American Psycho Author Bret Easton Ellis Skewers One Battle After Another Politics, Says the Film Falls Flat

American Psycho author Bret Easton Ellis just torched Paul Thomas Anderson’s One Battle After Another on The Bret Easton Ellis Podcast, branding the critics’ darling a misfire and igniting the film’s first big backlash.
Paul Thomas Anderson drops a new movie and, like clockwork, the discourse machine fires up. This time it’s novelist Bret Easton Ellis grabbing the mic to say the quiet part loud about Anderson’s latest, One Battle After Another. He’s not buying the hype.
"It’s not a very good movie."
The movie everyone’s arguing about
Critics are already calling One Battle After Another a masterpiece, and it’s very much in the early Oscar-conversation pile. If you haven’t kept up, here’s the quick snapshot:
- Title: One Battle After Another
- Genre: Crime, action, dark comedy
- Director: Paul Thomas Anderson
- Cast highlights: Leonardo DiCaprio, Sean Penn, Teyana Taylor, Regina Hall, Benicio del Toro, Chase Infiniti
- Rotten Tomatoes: 95% critics, 85% audience
- Status: Now in theaters (USA)
Ellis’s take: it’s the politics, not the movie
Ellis, the author behind American Psycho and Less Than Zero, laid out his case on the latest episode of The Bret Easton Ellis Podcast.
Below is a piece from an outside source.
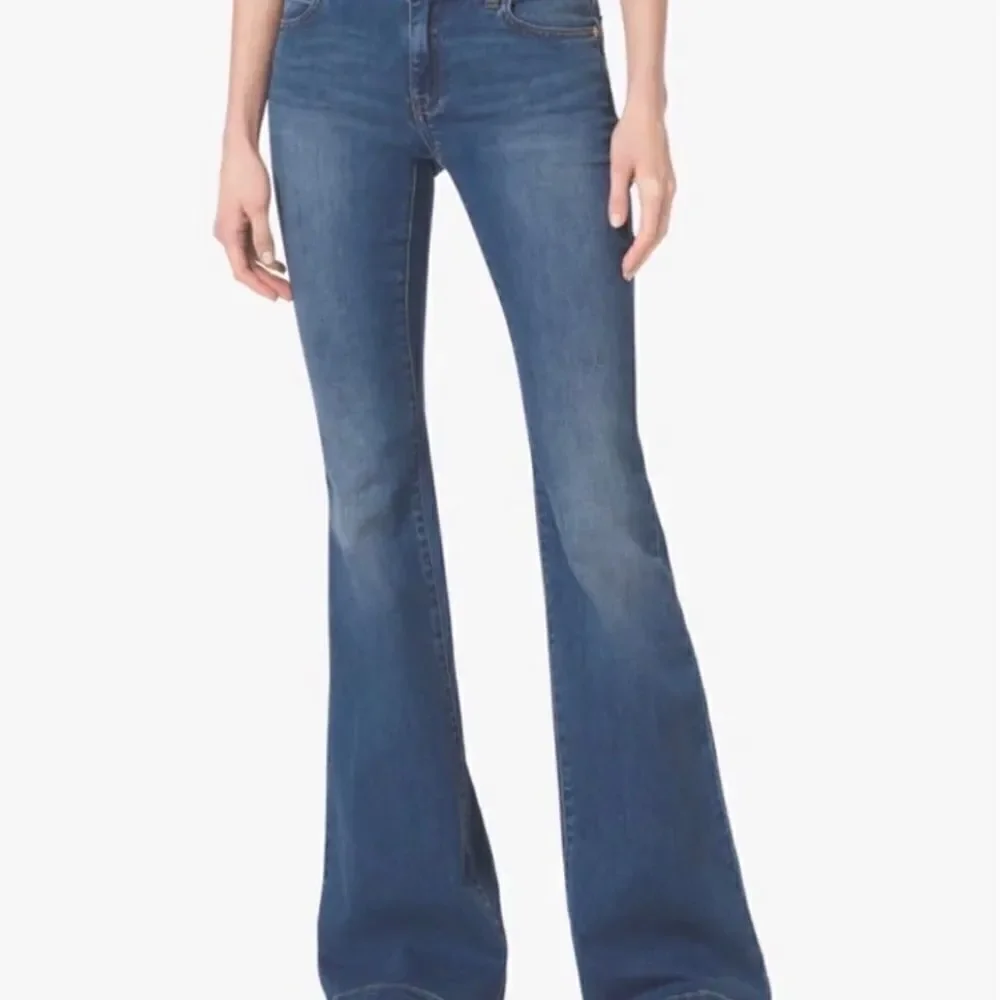 ⭐️MICHAEL KORS FLARE LIGHTLY DISTRESSED DENIM JEANS‎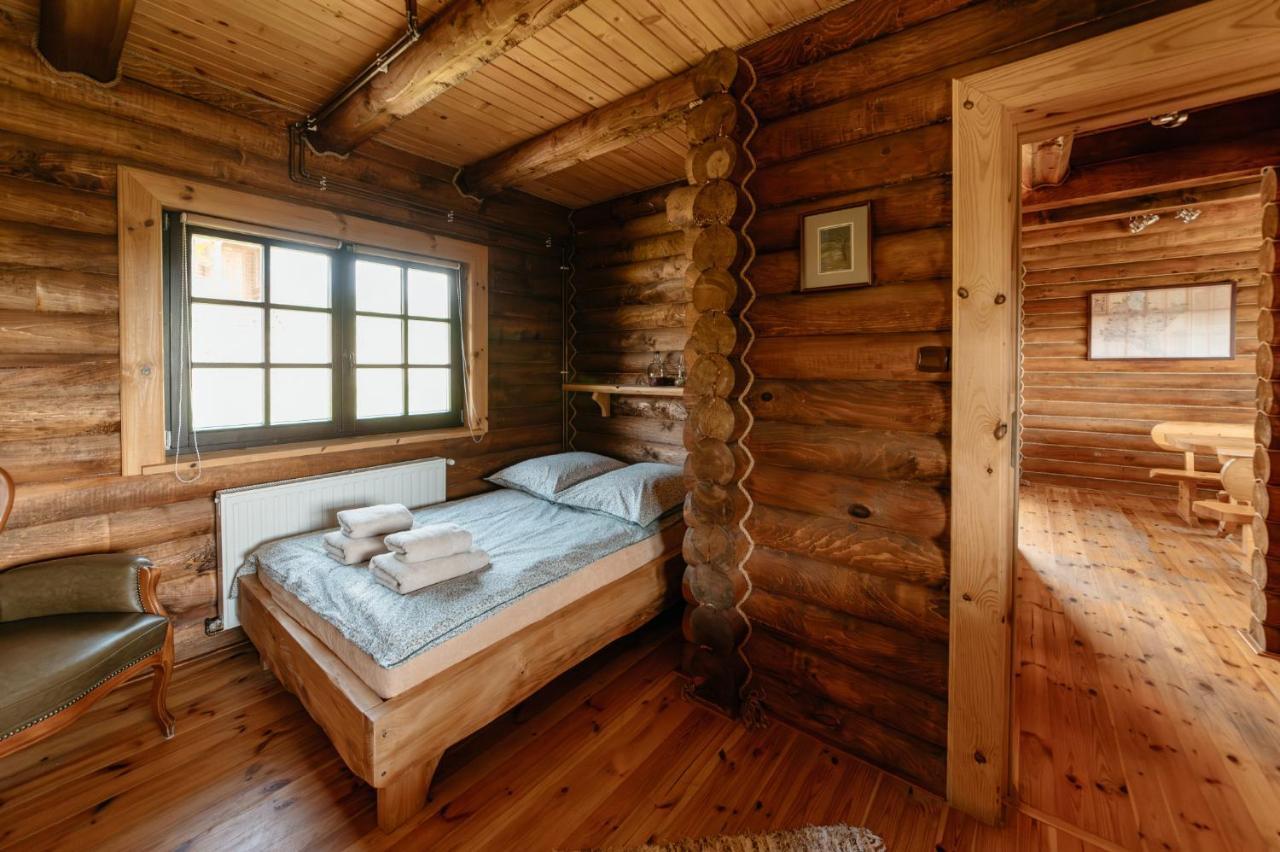 Villa Bieszczadzka Bania à Lesko Extérieur photo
He isn’t saying Anderson made an incompetent film. He’s saying the wave of praise has less to do with what’s on screen and more to do with what the movie signals. In his words, critics are responding to its left-leaning sensibility more than its craft. He frames the acclaim as driven by political ideology, not artistry.
The time-stamp argument
Ellis also thinks the movie won’t age well. His prediction: when the cultural winds shift, One Battle After Another will feel like a period piece of 2024’s discourse rather than a lasting work. He even tags it as "a musty relic of the post-Kamala Harris era," which is… pointed, to say the least.
What he actually liked
It’s not a total scorched-earth review. Ellis says he enjoyed stretches of the film, especially Leonardo DiCaprio’s character, Bob, fumbling his way back toward an old revolutionary crew. He also tips his hat to the cinematography.
Is he right?
Short answer: kind of and kind of not. He’s not wrong that certain movies get a tailwind from the current political climate. That happens. But calling this one "not a very good movie" feels like a broad swing when Anderson’s filmmaking craft is the real conversation here. Also, the film’s politics aren’t as rah-rah as the backlash suggests; it’s pretty clear-eyed about extremes on both sides and more interested in how power and activism twist each other than in delivering a partisan victory lap.
Anyway, that’s where Ellis landed. Where are you landing? One Battle After Another is out now in the US if you want to judge for yourself.